Alice Blanchet, special counsel to the prime minister, said 15 percent of
the aid has gone to the Haitian government to spend. “Let’s be realistic.
Where is the aid going? Not to government but to the NGOs, who only answer
to their boards. Whereas we are a government. We have to negotiate with
factions, with politicians, with the private sector, the press.”
To spend record amounts of money, the government of Haiti and its donors
created the Haiti Relief Fund, overseen by the World Bank, and the Interim
Haiti Recovery Commission, chaired by former president Bill Clinton and
Haiti Prime Minister Jean-Max Bellerive, which has met three times and
approved 49 projects costing $2.4 billion.
Donor nations have insisted that Haiti allow unprecedented oversight,
transparency and veto powers for outsiders to guard against corruption and
waste. Setting up those processes, too, has been slow. The Interim Haiti
Recovery Commission has not hired anyone to run its anti-corruption office.
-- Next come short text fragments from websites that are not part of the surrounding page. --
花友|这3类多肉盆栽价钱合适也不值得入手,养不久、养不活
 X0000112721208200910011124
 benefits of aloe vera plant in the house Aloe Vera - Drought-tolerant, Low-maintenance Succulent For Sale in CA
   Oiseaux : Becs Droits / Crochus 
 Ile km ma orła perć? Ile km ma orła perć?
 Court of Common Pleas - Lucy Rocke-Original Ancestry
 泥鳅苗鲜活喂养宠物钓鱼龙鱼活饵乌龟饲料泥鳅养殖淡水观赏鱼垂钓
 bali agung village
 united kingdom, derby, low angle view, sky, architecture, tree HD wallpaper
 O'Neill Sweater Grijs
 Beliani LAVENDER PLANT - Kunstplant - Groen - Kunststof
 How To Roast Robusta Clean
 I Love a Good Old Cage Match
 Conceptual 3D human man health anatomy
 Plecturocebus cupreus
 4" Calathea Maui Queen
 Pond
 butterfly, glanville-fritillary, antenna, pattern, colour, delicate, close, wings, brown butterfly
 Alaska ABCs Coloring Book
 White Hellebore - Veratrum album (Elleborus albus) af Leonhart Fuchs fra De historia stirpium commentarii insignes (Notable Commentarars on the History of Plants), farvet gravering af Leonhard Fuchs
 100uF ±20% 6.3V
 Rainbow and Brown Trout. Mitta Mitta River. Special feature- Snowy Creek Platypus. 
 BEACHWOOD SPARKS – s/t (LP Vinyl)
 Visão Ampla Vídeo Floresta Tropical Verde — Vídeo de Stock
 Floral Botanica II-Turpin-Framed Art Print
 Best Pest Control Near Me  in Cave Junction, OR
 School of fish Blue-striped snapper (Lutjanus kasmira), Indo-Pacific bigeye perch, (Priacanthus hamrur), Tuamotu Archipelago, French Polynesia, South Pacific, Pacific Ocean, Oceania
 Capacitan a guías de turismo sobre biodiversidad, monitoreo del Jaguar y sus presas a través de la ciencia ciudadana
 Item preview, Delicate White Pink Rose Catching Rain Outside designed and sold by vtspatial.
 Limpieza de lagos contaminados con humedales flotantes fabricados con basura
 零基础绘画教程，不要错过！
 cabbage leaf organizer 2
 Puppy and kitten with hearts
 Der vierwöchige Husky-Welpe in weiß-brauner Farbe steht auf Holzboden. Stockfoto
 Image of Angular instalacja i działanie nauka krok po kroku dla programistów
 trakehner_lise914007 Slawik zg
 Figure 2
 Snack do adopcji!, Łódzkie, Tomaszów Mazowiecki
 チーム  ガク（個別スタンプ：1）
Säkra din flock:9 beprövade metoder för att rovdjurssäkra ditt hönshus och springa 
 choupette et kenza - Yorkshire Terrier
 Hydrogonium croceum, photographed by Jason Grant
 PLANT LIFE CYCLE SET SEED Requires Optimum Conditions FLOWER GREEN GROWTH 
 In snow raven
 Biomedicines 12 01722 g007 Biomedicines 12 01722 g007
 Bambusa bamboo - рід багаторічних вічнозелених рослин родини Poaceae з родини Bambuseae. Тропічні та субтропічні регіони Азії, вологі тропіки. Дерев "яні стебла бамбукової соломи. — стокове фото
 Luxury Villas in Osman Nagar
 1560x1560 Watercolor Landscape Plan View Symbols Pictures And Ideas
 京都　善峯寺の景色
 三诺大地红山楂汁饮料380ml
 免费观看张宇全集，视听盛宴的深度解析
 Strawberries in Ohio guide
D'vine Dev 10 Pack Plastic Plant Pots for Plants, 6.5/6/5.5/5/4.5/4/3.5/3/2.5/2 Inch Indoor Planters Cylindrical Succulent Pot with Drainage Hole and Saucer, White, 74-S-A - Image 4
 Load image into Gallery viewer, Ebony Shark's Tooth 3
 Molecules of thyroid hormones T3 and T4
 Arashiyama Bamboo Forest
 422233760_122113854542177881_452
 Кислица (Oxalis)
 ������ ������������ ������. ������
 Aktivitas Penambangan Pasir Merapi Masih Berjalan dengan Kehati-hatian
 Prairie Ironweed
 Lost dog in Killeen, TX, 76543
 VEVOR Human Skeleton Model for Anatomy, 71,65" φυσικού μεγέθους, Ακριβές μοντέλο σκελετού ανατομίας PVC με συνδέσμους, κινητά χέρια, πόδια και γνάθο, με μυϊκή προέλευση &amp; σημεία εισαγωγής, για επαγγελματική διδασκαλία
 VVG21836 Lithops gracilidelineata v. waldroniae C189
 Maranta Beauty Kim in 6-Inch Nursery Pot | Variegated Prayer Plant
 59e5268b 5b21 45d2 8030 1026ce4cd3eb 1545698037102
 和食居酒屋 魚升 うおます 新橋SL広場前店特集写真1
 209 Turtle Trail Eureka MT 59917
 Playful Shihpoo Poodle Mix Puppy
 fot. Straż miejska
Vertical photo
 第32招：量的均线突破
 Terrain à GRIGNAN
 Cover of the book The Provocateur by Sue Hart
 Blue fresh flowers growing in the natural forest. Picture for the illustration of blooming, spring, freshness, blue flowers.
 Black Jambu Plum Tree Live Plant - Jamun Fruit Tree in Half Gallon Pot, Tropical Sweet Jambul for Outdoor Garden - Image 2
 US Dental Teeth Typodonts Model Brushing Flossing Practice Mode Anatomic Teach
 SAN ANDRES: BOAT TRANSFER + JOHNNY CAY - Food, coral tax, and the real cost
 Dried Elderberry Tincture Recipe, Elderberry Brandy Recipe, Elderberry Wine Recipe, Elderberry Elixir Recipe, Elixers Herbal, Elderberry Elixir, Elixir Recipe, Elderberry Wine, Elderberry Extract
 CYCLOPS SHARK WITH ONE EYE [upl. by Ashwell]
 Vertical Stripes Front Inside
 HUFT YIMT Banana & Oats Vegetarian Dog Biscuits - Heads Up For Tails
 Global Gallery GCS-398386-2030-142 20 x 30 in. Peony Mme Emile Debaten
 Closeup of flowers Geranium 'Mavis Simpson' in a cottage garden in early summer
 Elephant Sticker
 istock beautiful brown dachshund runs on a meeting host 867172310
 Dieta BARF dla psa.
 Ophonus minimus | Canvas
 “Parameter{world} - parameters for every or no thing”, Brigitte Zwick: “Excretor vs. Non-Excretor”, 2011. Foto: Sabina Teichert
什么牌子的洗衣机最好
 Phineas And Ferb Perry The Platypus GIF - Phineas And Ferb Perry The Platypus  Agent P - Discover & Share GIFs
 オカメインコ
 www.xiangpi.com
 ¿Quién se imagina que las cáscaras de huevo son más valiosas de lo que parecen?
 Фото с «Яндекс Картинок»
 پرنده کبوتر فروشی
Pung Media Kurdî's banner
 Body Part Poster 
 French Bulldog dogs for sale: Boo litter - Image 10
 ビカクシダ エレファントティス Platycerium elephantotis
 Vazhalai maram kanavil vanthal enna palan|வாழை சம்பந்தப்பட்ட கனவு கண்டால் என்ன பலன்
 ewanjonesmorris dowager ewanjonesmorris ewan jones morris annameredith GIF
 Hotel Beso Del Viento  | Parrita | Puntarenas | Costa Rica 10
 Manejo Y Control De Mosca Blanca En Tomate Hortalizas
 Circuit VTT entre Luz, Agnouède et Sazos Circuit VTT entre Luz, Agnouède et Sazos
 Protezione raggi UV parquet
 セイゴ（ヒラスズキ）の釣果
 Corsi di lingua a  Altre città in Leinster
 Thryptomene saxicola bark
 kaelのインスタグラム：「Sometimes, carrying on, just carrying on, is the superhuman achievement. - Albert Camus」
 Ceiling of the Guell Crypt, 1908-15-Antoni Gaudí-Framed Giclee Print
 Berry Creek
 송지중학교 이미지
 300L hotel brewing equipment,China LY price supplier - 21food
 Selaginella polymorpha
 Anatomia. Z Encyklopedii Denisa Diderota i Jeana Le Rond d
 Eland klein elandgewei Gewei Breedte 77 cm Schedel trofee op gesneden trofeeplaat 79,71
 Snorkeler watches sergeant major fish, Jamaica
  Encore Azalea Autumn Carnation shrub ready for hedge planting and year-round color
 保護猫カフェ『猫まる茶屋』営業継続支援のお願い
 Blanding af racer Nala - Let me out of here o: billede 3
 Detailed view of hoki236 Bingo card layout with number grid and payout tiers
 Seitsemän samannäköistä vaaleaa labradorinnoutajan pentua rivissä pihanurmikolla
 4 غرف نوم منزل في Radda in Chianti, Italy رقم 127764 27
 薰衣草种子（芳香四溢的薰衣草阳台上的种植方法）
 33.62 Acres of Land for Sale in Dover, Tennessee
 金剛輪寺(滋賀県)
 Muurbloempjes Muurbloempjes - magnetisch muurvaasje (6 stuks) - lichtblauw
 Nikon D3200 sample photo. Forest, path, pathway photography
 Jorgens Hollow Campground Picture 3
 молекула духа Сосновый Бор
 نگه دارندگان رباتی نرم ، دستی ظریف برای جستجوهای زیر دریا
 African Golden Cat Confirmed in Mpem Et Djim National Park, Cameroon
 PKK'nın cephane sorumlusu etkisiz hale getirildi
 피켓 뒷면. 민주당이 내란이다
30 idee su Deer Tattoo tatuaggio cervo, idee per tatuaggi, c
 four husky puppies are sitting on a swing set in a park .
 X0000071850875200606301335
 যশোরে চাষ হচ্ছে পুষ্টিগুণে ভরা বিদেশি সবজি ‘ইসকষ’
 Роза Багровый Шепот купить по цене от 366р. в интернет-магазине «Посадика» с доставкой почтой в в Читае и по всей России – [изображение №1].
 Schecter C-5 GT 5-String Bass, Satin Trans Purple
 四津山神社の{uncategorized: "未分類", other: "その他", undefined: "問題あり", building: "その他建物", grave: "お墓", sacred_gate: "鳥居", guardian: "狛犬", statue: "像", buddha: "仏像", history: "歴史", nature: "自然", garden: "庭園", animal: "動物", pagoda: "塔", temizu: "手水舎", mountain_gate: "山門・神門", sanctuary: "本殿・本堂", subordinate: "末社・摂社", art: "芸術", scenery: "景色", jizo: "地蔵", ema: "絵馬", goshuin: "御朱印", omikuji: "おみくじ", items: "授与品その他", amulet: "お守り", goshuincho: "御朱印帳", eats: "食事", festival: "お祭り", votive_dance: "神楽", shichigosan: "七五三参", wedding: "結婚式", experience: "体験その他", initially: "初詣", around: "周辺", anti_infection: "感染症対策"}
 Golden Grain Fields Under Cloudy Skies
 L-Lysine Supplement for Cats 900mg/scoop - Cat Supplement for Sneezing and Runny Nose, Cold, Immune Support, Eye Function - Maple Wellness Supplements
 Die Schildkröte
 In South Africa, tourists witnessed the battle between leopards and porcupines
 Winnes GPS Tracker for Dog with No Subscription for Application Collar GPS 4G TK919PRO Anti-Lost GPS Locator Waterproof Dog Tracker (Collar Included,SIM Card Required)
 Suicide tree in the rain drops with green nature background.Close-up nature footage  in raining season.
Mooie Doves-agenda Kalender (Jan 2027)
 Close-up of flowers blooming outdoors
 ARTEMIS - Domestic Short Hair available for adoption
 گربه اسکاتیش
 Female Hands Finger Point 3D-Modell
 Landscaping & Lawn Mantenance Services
American officials initially thought the earthquake had destroyed most
housing in Port-au-Prince. “We quickly realized that’s not the case,” said
Paul Weisenfeld of the U.S. Agency for International Development.
About half of the houses in the capital have been assessed as structurally
solid or “green,” while about one-quarter are “yellow,” or can be fixed in a
few days by spending less than $4,000 per house, he said.
But people have been reluctant to move home because they fear another quake.
The camps, as bad as they are, serve as a magnet, because they provide
schooling, security, free water and health care.
In addition, most of the displaced Port-au-Prince residents were renters and
thus would have to pay if they moved back into their houses. Some have heard
rumors that camp dwellers will get free homes. International donors and the
Haitian government are reluctant to spend money fixing homes for free for
landlords without some concessions, such as cheap rent.
Eduardo Almeida, the head of the Inter-American Development Bank in Haiti,
said housing is complicated by poverty. In a country where people live on
$400 a year, if they receive a house, “they’ll sell it,” he said.
“Over the last six or seven months, we’ve been working very hard to identify
plots” to build new homes, Weisenfeld said. But officials have to figure out
who owns the land and ensure that the plots are not in flood plains.
Yvonne Tsikata, the World Bank’s director for the Caribbean, acknowledged
that the arrival of rebuilding money has been “a little slower than one
would have expected.”
But she said planning for reconstruction is finally coming together. “If the
political situation remains stable, you will see a big acceleration in the
beginning of next year.”
So these are a few of the reasons that things haven’t improved any faster than they have. This is hard for Americans to understand, and to have patience with. Once you’ve been down there, you realize that nothing happens fast…except driving!